Les chanteurs rêvent de danser et de jouer d'un instrument, les instrumentistes et les danseurs rêvent de chanter. Tous sont persuadés que l'autre art est plus difficile que le leur. 

(Et je ne vous parle même pas des comédiens.) 

Cette semaine, j'ai eu à nouveau le bonheur d'intervenir sur les répétitions du Labyrinthe de l'Hippocampe, la nouvelle création de la compagnie 29X27 – alias le chorégraphe Matthias Groos et la scénographe Gaëlle Bouilly. J'ai fait la connaissance de Matthias dans le Solitaire de Christine Rougier, où nous nous étions retrouvés, de fil en aiguille, bien loin des rôles assignés de chanteuse et de danseur. Les atomes avaient solidement croché dès la première répétition, ce qui explique qu'il ait pensé à moi, en même temps qu'à Mathilde Lechat, pour accompagner son Labyrinthe. 

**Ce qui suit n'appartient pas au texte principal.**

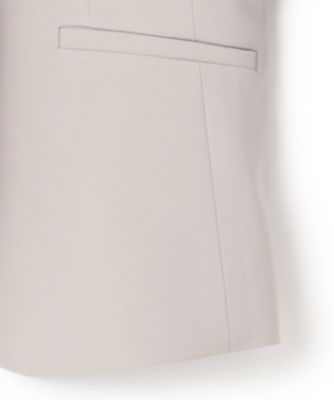 【ななさん専用】iCB Fied テーラードジャケット ICB(アイシービー)の【新色追加・防シワ・速乾・洗える】Fied
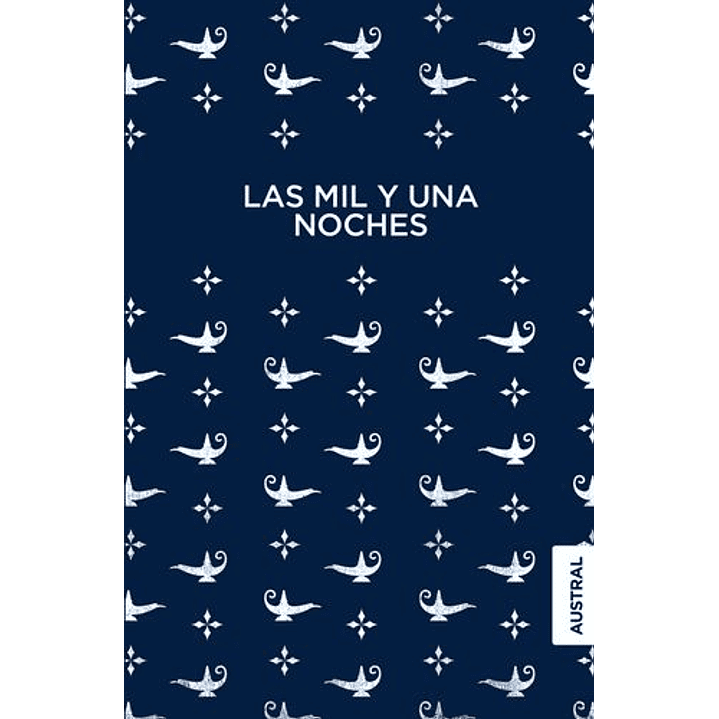 Las Mil Y Una Noches 1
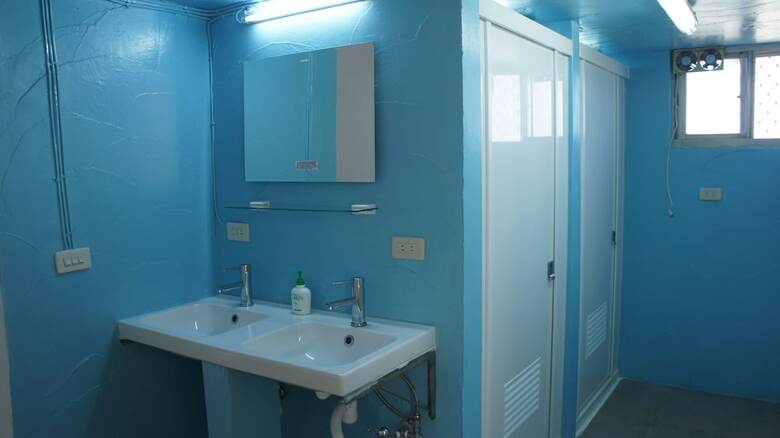 Hostal Bayhouse Hostel Penghu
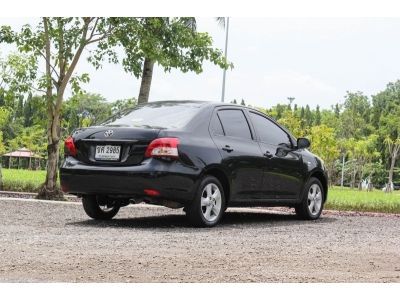 Toyota Vios 1.5J A/T ปี : 2007 รูปที่ 2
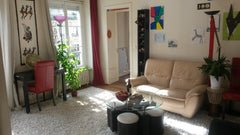 Ideal location (Panthéon, Mouffetard, Notre-Dame), perfect for visiting Paris.<b Paris, France Security,Space,Light @ Paris center Entire rental unit vacation rental 3098230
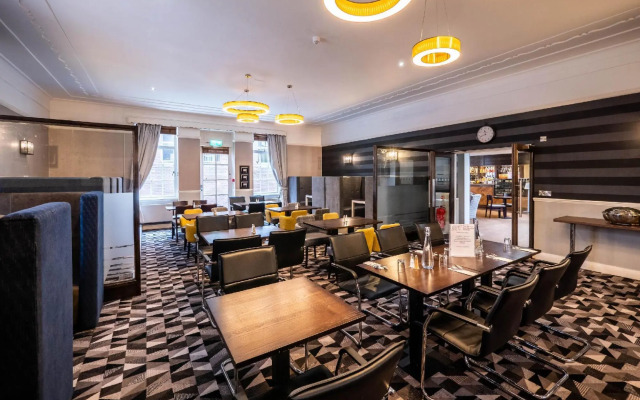 Hotel at Derby Conference Centre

"Accompagner" non au sens musical, mais bien à celui de faire un bout de chemin ensemble : dans le Labyrinthe, ce sont les danseurs qui vont chanter, prolonger dans leur voix la recherche qu'ils mènent dans leur corps. Notre mission, à Mathilde et à moi, consiste à les aider à développer leurs outils pour ce faire. 

Tout travail de technique vocale tient de l'exploration parce qu'aucune personne n'est identique à une autre. Mais avec des danseurs, l'altérité du corps face à nous se double de celle, plus mystérieuse encore, d'un savoir profond. Ce savoir concerne largement les mêmes instruments et matières que le mien – le corps, l'énergie, le temps – mais les traite d'une façon qui m'est largement inconnue. J'arrive donc avec des suppositions qui s'avèrent erronnées, je mets les pieds dans des plats dont je ne soupçonnais pas l'existence, les recettes les plus éprouvées sont susceptibles de tomber à plat tandis que l'intuition la plus échevelée va s'avérer ouvrir de larges portes ; et bien sûr, quelle joie que ce grand remue-ménage. 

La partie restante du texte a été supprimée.